GOAL OF THE EXERCISE ::
Go through the lines below and repeat each one exactly, skipping pictures.

GIVEN DATA ::
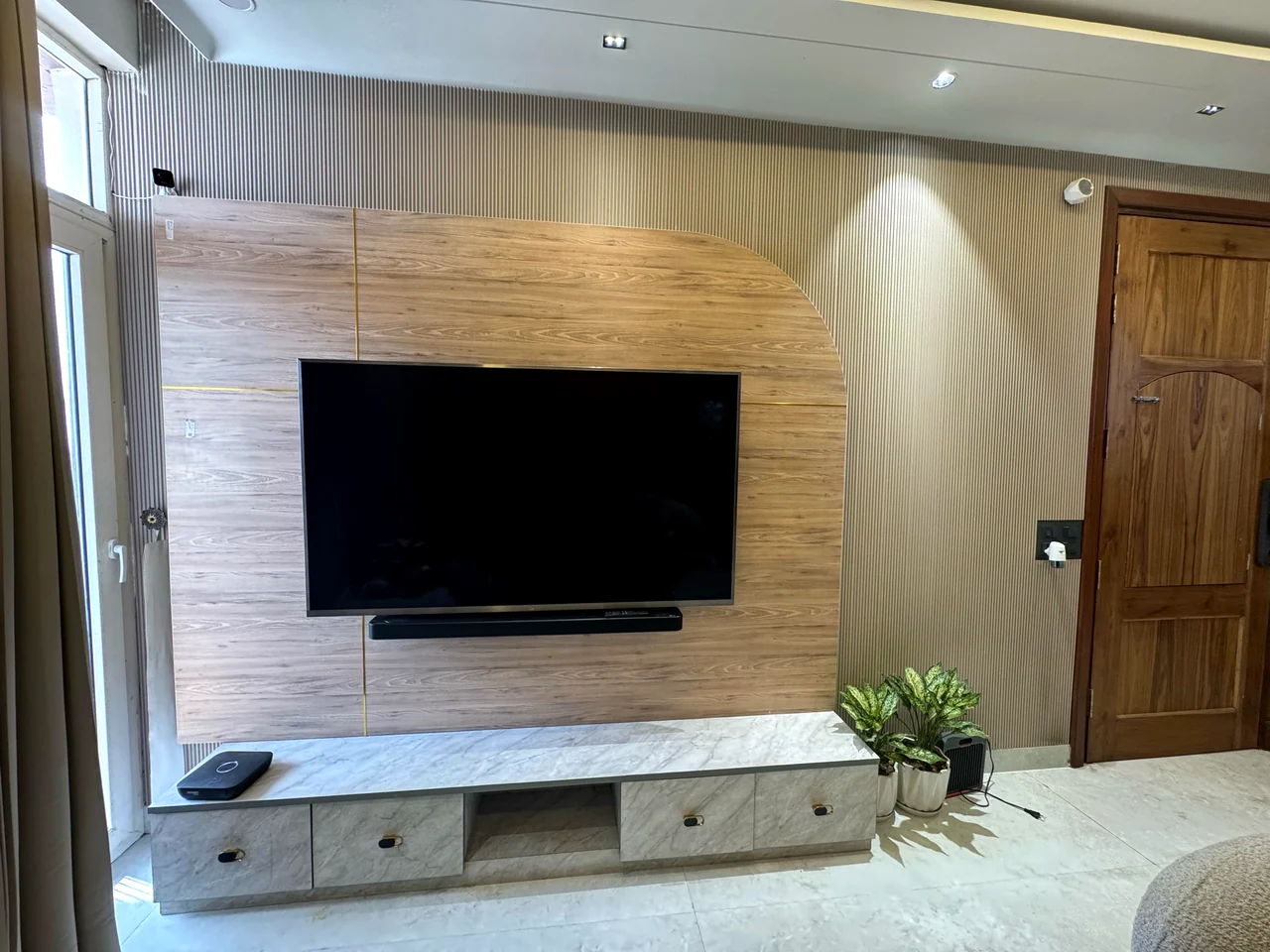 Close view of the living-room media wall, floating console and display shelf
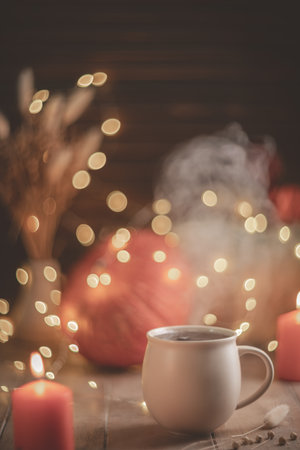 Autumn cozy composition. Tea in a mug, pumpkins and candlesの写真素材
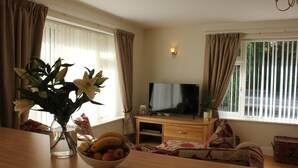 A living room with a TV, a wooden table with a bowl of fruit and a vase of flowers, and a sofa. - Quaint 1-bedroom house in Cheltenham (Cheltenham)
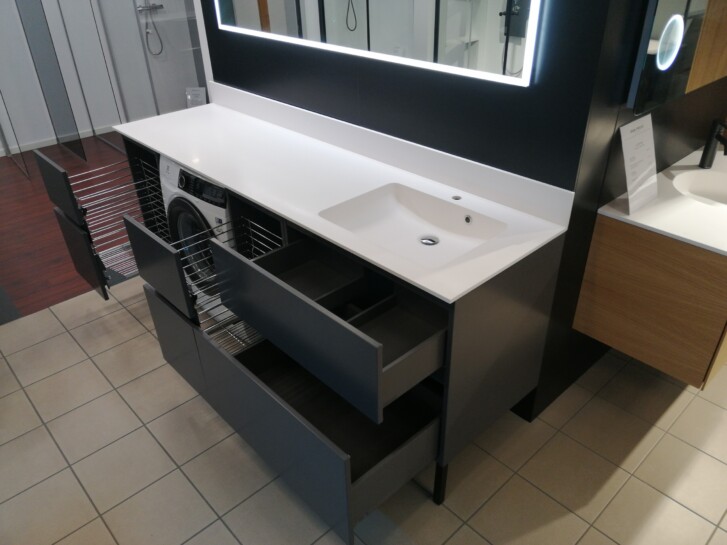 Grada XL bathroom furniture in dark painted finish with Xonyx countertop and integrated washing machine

EXERCISE SOLUTION ::
 Close view of the living-room media wall, floating console and display shelf
 Autumn cozy composition. Tea in a mug, pumpkins and candlesの写真素材
 A living room with a TV, a wooden table with a bowl of fruit and a vase of flowers, and a sofa. - Quaint 1-bedroom house in Cheltenham (Cheltenham)
 Grada XL bathroom furniture in dark painted finish with Xonyx countertop and integrated washing machine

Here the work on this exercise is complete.